Browser BHO interface provides relevant interface specification, for phishing Intelligent treatment fishing website provides interface.Adopt and analyze first the various standards of browser BHO, interface, method, event, common class etc., determine and catch the click of user's mouse, keyboard input behavior, address field and status bar event methods; Input message uses the SHA-1 algorithm to obscure, and realizes phishing Intelligent treatment mechanism by programming.

Claims

1. a phishing intelligence system of defense is characterized in that it is comprised of user behavior identification module, fishing website lightweight Intelligent Measurement engine and phishing intelligent processing module, for the network user provides intelligence, timely phishing defence service.

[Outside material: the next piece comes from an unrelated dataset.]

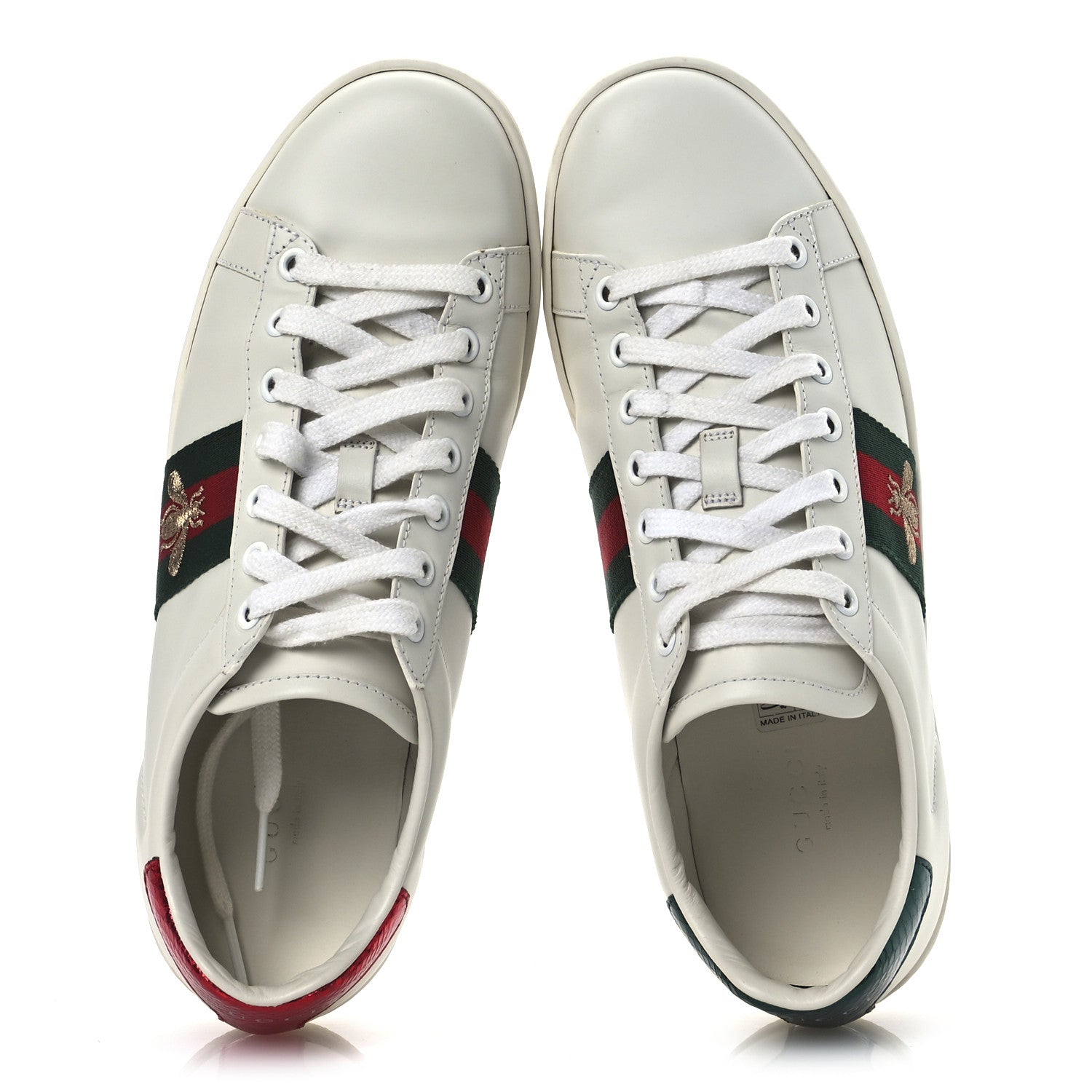 Calfskin Ayers Bee Embroidered Womens Ace Sneakers 37.5 White Green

2. a kind of phishing intelligence system of defense according to claim 1 is characterized in that the user behavior identification module is based on

The user behavior recognizer of Bayes.

3. a kind of phishing intelligence system of defense according to claim 1 is characterized in that fishing website lightweight Intelligent Measurement engine modules is identified four layers by URL, interactivity, webpage noise and website Logo and carried out fast detecting; Comprise the online detection algorithm of fishing URL that merges multilayer feature, detect learning algorithm and based on the fishing website detection algorithm of website Logo identification based on the fishing website of the web page server submission form identification of dom tree and filtration, webpage noise.

4. a kind of phishing intelligence system of defense according to claim 1 is characterized in that, for browser BHO object standard, to detected fishing website, adopts first the treatment mechanism of URL address field, status bar or other warning mark reminding users; When the user ignores caution mechanism, the information of user's input is obscured the module of protection.